Kolumnen

Elefanten im Föhrenwald

Wir Menschen treiben dieser Tage Elefanten durch den Wald, unsichtbare Elefanten, versteht sich ... Hätte ich diesen Satz vor einem Jahr geschrieben, wer weiß, wo ich gelandet wäre. Aber 2020 ist anders – das Jahr des Elefanten im österreichischen Horrorskop.

Und so ist es für Hundehalter selbstverständlich geworden, nur noch aus der Ferne zu grüßen. Für mich ist das eine Herausforderung. Mit Elefantenabstand erkenne ich nämlich nicht, wer vor mir steht, denn ich bin kurzsichtig und gehe meist ohne Brille in den Wald.

Daher habe ich mir eine Art Blindenhundtrick zurechtgelegt: Ich warte, bis der Hund, der zur herannahenden Person gehört, näher kommt, denn die Hunde haben vom Elefantenabstand noch nichts gehört und beschnuppern einander zur Begrüßung nach wie vor von vorn und hinten. Das gibt mir die Gelegenheit, zu erkennen, wer mir gegenübersteht. Ich erkenne die meisten Menschen tatsächlich an deren Hunden.

Bei manchen weiß ich den Eigennamen, dann rufe ich: „Hallo, Karina!“ (wenn etwa der süße, schwarze Jason auf Daria zurast). Bei anderen kenne ich nur den Hundenamen, dann rufe ich: „Hallo, wie geht es Debbie?“ Man hat so seine Tricks, um Schwachsichtigkeit und Gedächtnislücken zu verschleiern.

Wir tröten einander zu

Da ich nicht auch noch schlecht hören will, bediene ich mich bei der darauffolgenden Unterhaltung ebenfalls der Elefantenmethode. Ich tröte los. Karina trötet zurück. Und so verstehen wir uns, auch mit Elefantenabstand. Die Distanz, die wir dabei einhalten, ist seit März deutlich größer geworden. Entweder weil die Infektionszahlen größer geworden sind. Oder aber weil der Babyelefant vom März längst kein Baby mehr ist.
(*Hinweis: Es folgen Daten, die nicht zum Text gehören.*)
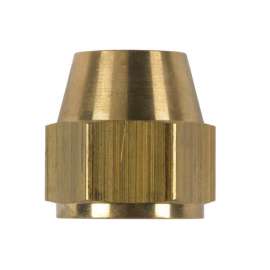 JMF Company 3/4 in. Flare Brass Nut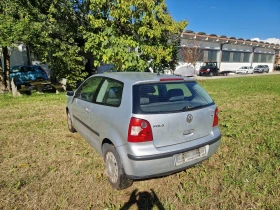VW Polo 1.4TDI, 75кс, 03г, КЛИМАТИК, Италия | Mobile.bg — малка снимка 3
Daria und Jason sehen die Elefanten gar nicht. Sie haben nur Augen füreinander. Das ist interessant, weil Daria sonst vor entgegenkommenden Großtieren, wie Pferden, Eseln oder Lamas, Angst hat und rasch bei mir Schutz sucht, um hinter meiner Kniekehle halbstark hervor zu bellen. Nur die Elefanten sind ihr egal.

Die Rehe aber fürchten sich sehr wohl. Die sehen wir kaum noch im Föhrenwald, seit die Elefanten ihren Lebensraum erobert haben. Vielleicht liegt das aber weniger an den fiktiven Elefanten, als an unserer trötenden Unterhaltung.